Now for the things that I felt hindered the books enjoyment (for me). First, I’m not a fan of insta-love. I’m all about cheesy romantic stories in young adult contemporary novels, but in this novel it was just a little ridiculous in my opinion. Without spoiling it too much, Reagan hasn’t even seen the main boy character’s face before she has clearly ‘fallen’ for him. To me, that isn’t reality and even if a book is supposed to grip onto fantasy, it just wasn’t right to me. In general, these types of plots need to have a slow progression that advances throughout the story and I felt like it was desperate from the beginning and never really got anywhere in the end (but hopefully that is where the rest of the series will improve upon). Second, the plot just wasn’t enough for me. I needed something more, and what that is, I’m not really sure. I was desperately needing something to draw my attention, to whisk me away and I just was never met with it.
I’m really hoping that this book improves upon itself throughout the rest of the series.

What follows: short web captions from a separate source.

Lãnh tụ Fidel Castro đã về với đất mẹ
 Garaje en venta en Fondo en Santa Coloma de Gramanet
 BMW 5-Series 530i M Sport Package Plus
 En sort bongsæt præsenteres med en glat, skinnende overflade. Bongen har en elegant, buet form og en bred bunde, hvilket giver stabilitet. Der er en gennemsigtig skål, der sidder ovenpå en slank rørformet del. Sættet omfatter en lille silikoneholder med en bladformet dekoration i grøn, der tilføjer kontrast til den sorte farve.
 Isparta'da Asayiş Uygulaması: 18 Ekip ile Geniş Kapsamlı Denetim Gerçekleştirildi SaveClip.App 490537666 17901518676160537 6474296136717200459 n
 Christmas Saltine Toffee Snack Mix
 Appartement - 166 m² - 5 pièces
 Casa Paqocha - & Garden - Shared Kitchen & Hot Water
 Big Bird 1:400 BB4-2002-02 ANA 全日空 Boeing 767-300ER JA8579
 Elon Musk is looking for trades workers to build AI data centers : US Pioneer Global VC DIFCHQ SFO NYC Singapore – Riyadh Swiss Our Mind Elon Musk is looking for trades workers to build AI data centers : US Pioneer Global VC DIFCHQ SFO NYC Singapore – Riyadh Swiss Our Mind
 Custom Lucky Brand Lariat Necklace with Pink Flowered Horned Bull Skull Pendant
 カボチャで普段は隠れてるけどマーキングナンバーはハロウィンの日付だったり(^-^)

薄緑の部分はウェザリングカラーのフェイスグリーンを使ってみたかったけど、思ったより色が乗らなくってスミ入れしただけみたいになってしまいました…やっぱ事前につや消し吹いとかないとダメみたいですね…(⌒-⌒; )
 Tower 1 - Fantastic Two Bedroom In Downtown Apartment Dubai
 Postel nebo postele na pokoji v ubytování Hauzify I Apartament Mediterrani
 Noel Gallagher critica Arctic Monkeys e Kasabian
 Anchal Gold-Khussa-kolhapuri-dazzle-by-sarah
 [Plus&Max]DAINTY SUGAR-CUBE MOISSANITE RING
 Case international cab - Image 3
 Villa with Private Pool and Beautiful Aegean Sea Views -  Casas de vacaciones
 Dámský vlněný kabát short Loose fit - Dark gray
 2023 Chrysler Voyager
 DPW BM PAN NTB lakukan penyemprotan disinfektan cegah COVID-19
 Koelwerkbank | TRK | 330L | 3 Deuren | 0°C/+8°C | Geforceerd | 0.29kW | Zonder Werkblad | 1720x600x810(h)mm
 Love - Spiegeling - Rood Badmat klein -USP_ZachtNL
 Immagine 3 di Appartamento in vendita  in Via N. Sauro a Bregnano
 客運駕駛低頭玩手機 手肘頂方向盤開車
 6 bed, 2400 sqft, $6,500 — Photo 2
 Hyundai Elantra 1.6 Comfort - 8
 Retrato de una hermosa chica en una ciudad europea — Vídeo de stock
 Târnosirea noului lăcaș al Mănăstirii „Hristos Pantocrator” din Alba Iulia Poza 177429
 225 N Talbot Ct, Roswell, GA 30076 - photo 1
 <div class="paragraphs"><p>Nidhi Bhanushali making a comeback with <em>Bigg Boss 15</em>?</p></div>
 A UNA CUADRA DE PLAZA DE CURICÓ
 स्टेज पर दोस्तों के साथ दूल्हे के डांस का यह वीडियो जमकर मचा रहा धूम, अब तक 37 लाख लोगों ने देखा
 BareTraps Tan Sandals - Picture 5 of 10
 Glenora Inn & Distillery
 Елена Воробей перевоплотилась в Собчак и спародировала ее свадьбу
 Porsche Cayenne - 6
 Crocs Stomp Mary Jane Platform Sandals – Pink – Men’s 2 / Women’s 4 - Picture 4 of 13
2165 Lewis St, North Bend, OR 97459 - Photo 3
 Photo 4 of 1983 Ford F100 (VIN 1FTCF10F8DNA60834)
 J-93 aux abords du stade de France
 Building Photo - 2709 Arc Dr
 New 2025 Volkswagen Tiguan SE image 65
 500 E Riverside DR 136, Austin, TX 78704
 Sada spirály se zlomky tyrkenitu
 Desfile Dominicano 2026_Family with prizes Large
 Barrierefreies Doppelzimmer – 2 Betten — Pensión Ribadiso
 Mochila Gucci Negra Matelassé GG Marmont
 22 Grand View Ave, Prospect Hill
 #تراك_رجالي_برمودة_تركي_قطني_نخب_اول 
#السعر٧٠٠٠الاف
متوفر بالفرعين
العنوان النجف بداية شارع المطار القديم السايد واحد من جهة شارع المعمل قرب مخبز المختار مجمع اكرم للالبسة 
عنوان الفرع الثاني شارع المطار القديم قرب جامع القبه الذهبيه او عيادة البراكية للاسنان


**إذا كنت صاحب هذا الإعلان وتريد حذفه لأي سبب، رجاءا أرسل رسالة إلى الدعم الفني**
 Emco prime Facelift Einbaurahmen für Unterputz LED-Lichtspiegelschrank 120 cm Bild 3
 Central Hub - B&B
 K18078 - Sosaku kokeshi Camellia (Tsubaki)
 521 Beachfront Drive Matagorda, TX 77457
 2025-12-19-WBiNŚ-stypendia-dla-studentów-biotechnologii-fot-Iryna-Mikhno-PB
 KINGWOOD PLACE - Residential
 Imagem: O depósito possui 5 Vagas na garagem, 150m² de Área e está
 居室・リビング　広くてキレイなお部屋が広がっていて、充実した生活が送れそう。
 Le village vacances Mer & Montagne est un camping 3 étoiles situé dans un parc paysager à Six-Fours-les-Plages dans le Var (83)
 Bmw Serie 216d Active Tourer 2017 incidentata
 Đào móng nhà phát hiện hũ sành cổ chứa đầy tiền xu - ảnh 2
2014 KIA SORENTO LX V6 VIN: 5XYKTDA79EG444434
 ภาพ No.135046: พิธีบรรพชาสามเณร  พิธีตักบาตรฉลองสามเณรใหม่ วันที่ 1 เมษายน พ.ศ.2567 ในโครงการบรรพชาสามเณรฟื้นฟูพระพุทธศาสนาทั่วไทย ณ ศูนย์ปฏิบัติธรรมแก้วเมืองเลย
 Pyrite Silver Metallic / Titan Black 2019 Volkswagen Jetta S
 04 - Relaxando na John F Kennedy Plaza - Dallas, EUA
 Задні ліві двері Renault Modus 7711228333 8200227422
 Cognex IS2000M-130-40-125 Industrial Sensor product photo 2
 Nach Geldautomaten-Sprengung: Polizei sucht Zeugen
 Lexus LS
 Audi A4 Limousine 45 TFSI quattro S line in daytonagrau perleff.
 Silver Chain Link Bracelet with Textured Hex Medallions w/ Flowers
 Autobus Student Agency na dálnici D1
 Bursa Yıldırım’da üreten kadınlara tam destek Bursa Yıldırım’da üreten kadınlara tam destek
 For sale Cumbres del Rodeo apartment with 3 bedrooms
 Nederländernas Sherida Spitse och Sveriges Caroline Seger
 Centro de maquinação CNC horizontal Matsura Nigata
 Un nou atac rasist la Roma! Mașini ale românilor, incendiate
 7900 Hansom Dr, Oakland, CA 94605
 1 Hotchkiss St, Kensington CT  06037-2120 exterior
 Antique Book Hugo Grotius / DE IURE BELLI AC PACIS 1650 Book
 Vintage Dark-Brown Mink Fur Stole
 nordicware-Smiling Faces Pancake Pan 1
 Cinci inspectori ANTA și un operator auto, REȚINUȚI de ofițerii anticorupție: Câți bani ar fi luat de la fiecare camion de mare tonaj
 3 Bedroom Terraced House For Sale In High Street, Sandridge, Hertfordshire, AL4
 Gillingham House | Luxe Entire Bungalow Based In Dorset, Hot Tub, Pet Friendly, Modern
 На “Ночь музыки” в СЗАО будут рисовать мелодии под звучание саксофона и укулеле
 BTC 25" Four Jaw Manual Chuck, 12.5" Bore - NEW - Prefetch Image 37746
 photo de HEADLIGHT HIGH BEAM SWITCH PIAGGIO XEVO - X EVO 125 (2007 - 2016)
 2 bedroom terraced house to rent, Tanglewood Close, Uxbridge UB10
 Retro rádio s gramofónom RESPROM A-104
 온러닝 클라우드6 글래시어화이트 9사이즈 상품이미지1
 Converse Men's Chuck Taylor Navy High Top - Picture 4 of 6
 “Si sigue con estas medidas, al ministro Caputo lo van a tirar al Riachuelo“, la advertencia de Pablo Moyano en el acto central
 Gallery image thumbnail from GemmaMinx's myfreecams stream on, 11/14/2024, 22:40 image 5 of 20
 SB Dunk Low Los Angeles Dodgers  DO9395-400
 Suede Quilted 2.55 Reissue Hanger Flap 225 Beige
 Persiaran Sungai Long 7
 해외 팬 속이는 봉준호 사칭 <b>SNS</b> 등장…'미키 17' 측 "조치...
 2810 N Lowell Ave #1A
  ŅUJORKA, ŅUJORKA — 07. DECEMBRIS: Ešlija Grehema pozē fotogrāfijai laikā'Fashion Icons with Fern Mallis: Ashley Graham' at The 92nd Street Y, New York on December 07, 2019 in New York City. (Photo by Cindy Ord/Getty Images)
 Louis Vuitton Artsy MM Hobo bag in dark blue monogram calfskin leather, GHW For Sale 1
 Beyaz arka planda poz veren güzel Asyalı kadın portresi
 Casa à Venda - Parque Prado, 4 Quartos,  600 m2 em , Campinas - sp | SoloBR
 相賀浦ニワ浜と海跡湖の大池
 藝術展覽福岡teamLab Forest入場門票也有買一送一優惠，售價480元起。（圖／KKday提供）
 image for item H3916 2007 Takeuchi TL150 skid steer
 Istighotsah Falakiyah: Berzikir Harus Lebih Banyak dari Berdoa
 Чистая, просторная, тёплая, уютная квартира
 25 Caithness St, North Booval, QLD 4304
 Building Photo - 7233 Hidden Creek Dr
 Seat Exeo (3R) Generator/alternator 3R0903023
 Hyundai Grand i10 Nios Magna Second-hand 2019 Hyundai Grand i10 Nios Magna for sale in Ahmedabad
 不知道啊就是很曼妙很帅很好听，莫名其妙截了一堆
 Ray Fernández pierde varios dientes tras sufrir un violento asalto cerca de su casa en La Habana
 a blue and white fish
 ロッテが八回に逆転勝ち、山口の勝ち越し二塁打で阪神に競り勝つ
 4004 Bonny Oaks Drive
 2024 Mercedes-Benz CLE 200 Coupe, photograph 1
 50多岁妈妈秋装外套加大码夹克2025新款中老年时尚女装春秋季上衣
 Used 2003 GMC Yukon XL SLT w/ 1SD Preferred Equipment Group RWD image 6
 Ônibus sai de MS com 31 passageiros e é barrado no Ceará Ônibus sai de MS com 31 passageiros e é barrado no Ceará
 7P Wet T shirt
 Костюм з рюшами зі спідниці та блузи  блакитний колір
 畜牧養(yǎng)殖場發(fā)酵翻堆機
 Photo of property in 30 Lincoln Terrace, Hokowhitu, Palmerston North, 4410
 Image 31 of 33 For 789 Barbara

While I am seemingly disappointed with this book, it doesn’t mean I wouldn’t recommend it. I think that this book may be better suited for those in the middle aged group (9-12) rather than those interested in the young adult genre. I think the age of the characters (14-15) may have contributed to their lack of understanding and experience which to a 20-something year old was rather boring. I sincerely wish the best for this book upon its release tomorrow (January 4th, 2017) and I’d be curious to know what anyone’s thoughts are once they have read it themselves!
I’m rating this book a 2.5, because although it was not my favourite book, I do think that it is a book that a younger audience would enjoy.
Rating: ★★★☆☆ (2.5)
About the Author:
Kellie has been in love with stories in all of their forms for as long as she can remember. Admittedly, sometimes that means falling into places like Stars Hollow and Sunnydale, but books have always been her true love.
Kellie spent part of her twenties living in Galway, Ireland and swooning after various lilting accents but is now back home in Ontario, Canada.